## Your instructions
The copy should hold exactly the lines below from the one that contains "In this box" through the one that contains "Brandon Hutchinson with" and nothing else, so no pictures.

## Input records
####

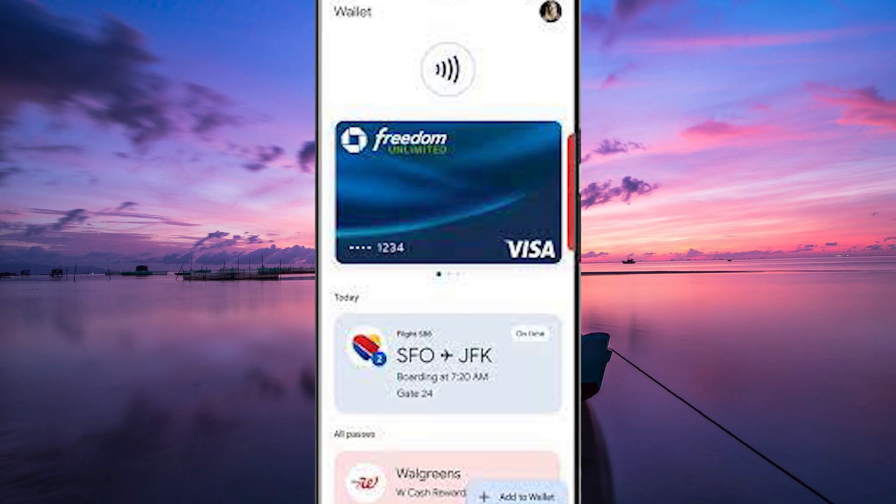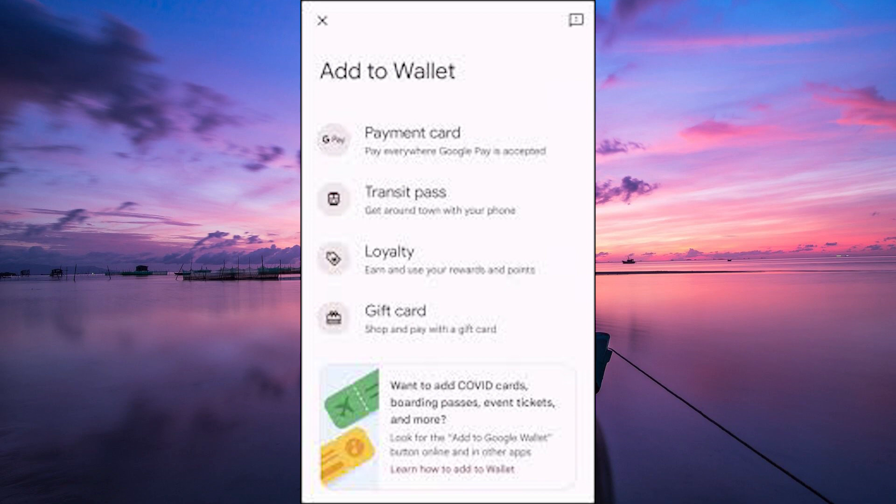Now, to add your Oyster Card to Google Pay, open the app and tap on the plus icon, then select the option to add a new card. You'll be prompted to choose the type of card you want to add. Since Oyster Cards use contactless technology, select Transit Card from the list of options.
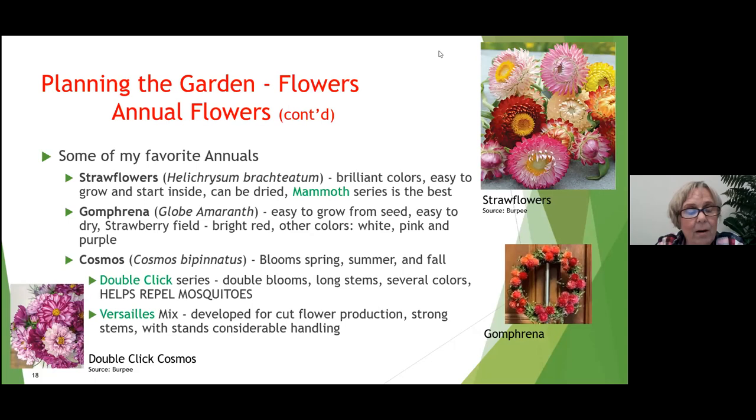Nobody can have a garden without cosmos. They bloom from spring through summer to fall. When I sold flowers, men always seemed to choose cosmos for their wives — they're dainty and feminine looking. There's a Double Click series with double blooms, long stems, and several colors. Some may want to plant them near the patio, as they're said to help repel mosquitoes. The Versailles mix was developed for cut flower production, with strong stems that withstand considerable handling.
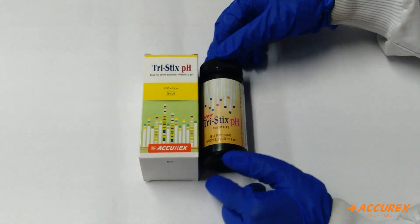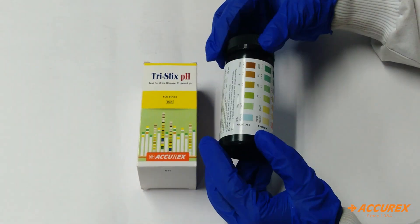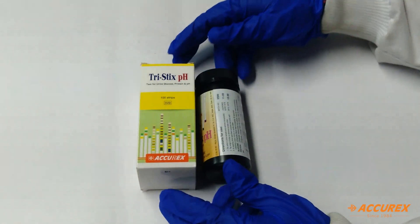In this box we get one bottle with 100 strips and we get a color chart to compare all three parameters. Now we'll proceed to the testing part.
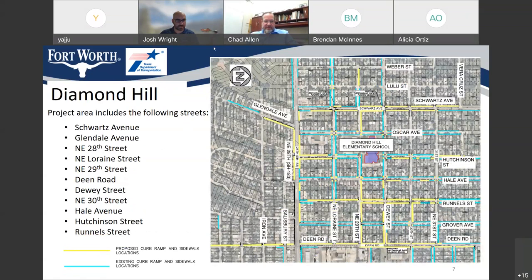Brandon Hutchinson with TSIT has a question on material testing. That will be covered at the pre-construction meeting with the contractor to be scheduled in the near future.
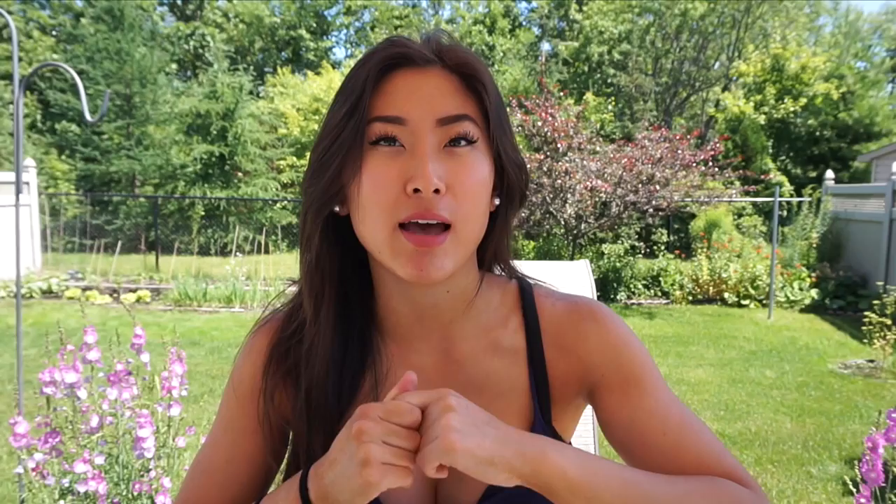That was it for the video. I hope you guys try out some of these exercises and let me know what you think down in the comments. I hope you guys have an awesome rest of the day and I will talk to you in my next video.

####

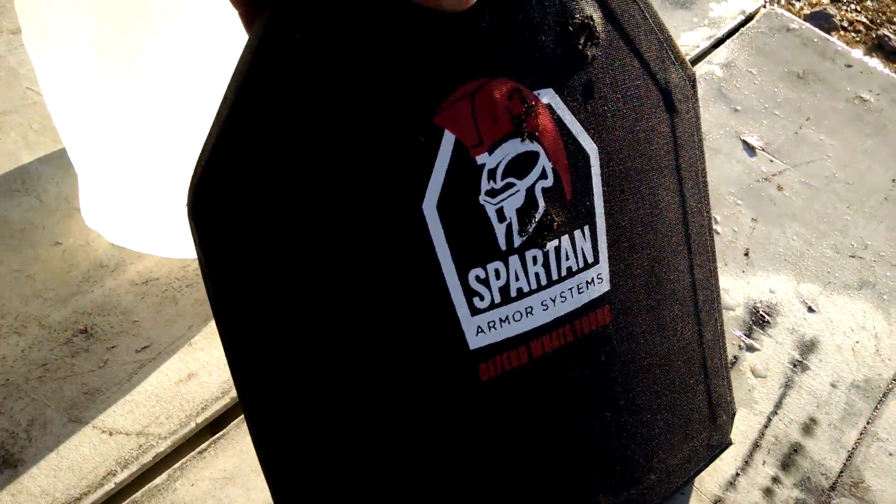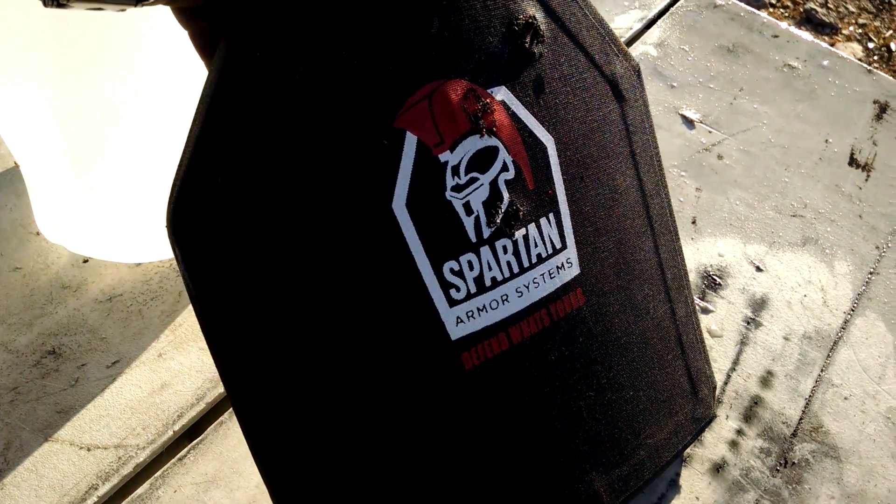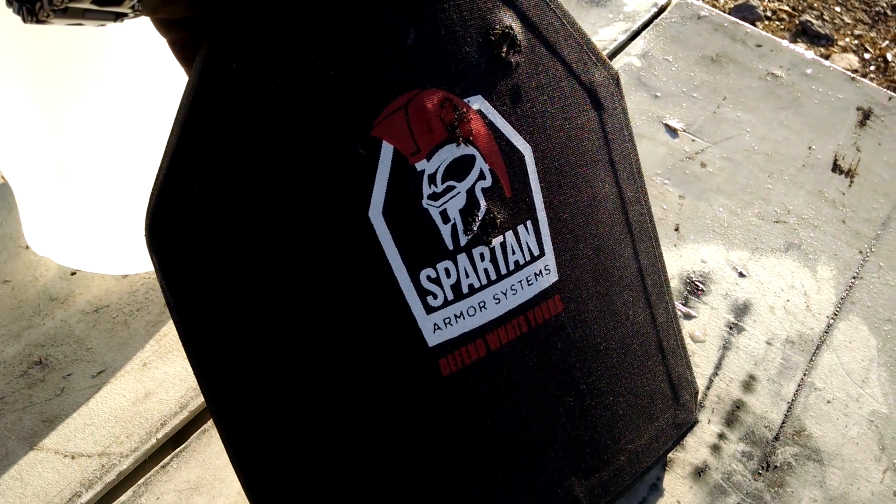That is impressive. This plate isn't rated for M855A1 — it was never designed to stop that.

####

## Response below
In this box we get one bottle with 100 strips and we get a color chart to compare all three parameters. Now we'll proceed to the testing part.
Brandon Hutchinson with TSIT has a question on material testing. That will be covered at the pre-construction meeting with the contractor to be scheduled in the near future.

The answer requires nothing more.